A joint borrower sole proprietor (JBSP) mortgage is a great way for self-employed applicants to get on the housing ladder. With the financial support of family members, not only is it easier to secure a mortgage, but you can borrow more as well.

In this guide we'll explain what a JBSP mortgage is, how it works, typical use cases, the advantages and disadvantages and much more besides.

What is a Joint Borrower Sole Proprietor Mortgage?

With a JSPB mortgage, or a Joint Borrower Sole Owner (JBSO) mortgage as it's sometimes referred to, you take out a mortgage with one or more close family members. Your parents, for example.

Whilst each applicant is jointly responsible for the mortgage payments, only you own the property. The other borrowers have no legal claim over it.

Liability for payments

Because it's a joint mortgage, if a fall in your self-employed income meant you were unable to contribute to the monthly payment, the other borrowers would be individually liable to make good the shortfall.  
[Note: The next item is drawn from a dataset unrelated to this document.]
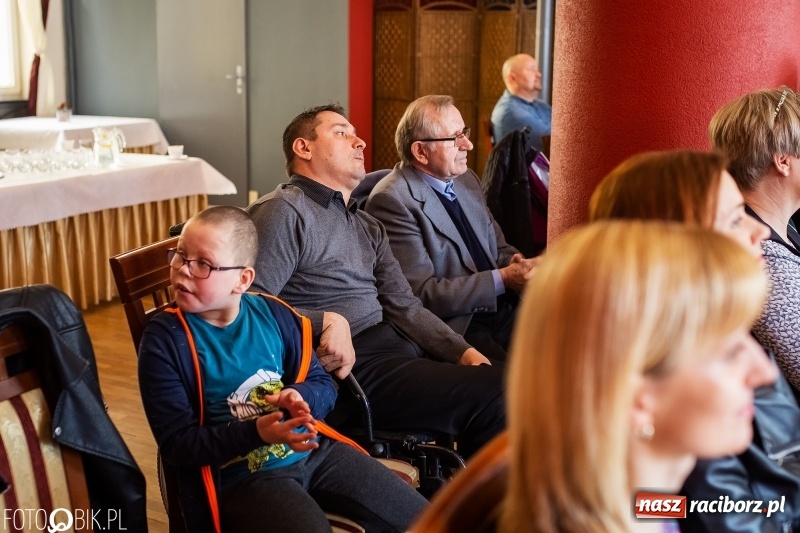 Zdjęcie w galerii na portalu naszraciborz.pl: RIG przekazał środki zebrane w czasie Gwiazdki Serc wiadomości z regionu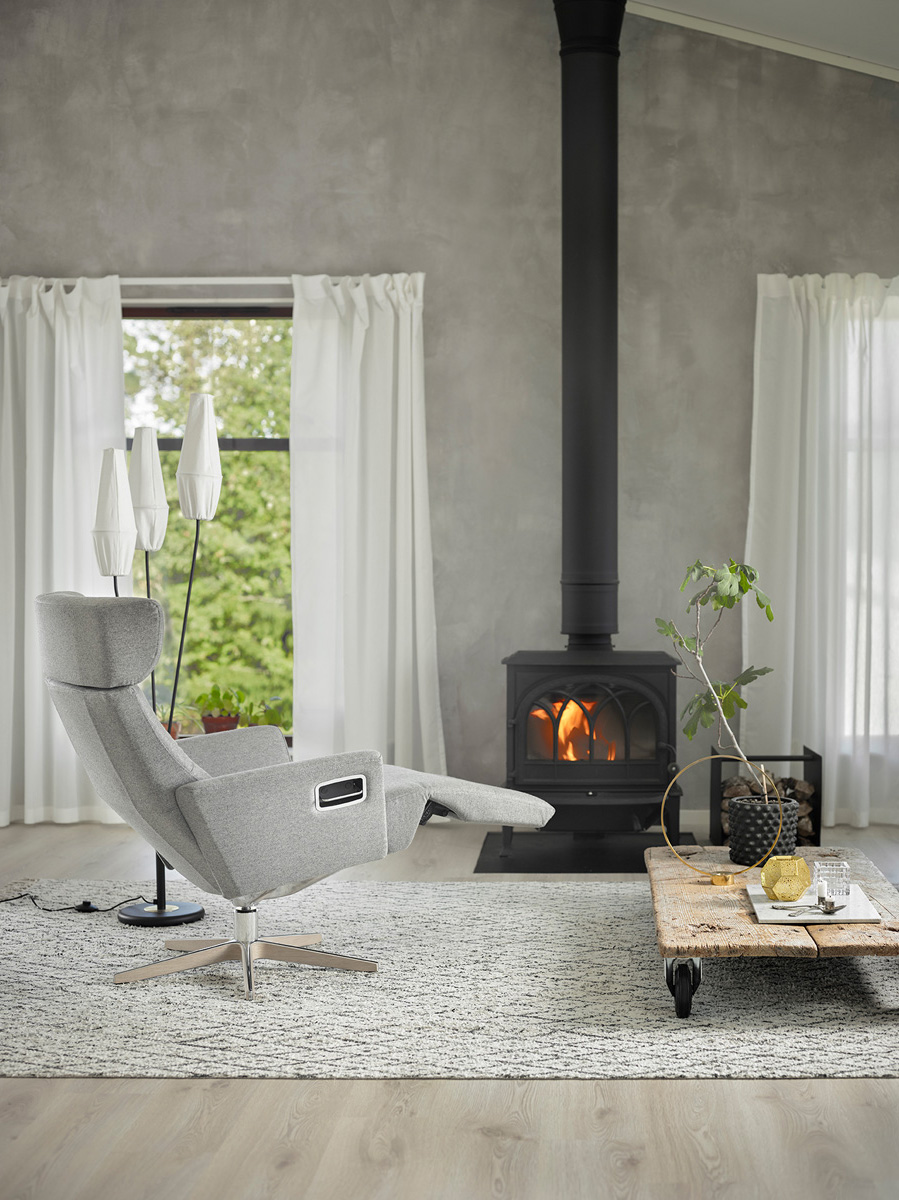 Relieve_with_footrest_Sheford_light_grey_2018_1_spegel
Just like how each spouse in a marriage is jointly and severally liable for the mortgage payment.

In most cases, only the proprietors can reside in the purchase property, not the other joint borrowers.

Do I need to be a first-time buyer to get a JBSP mortgage?

No, not at all. Whilst JBSP mortgages are commonly used by first-time buyers to purchase a home, it's not usually a lender requirement. Having said that, a few providers restrict JBSP to first-time buyers only.

What use cases are there for a JBSP mortgage?

There are a few typical use cases...

  • First-time buyers who don't have sufficient income themselves to purchase a home.
  • Older borrowers who no longer have the financial means to continue paying the mortgage on their home
  • Buying out a partner or spouse from the family home
  • Buying a residential or BTL property with the help of a sibling or other close relative.

Who can apply as the joint borrowers with me?

With such a high degree of trust and commitment required, it's common for family members to be named as additional borrowers.

Some lenders only allow parents, but others are more flexible and also allow applications with siblings, aunts and uncles, nieces, nephews and other close relatives .

A tiny number of niche mortgage providers allow friends to be named as joint borrowers.

Whoever joins you on the mortgage, it's recommended that all borrowers get independent legal advice before applying.  Some banks and building societies make it a mandatory requirement before they'll lend.

Can a couple get a joint borrower sole proprietor mortgage?

Yes. The Sole Proprietor part is a bit of a misnomer, as some lenders will allow 2 proprietors and two additional borrowers on the mortgage.

For married couples and partners struggling to borrow enough to buy their first property, a JBSO mortgage can be a great option.

How many incomes can be used for a JBSP mortgage?

Whilst it's possible for the income of up to four applicants to be used for affordability assessment, most banks and building societies only consider two or three.  

For example, a young married couple and a parent could apply, with the two highest incomes, or possibly all three, being considered for affordability.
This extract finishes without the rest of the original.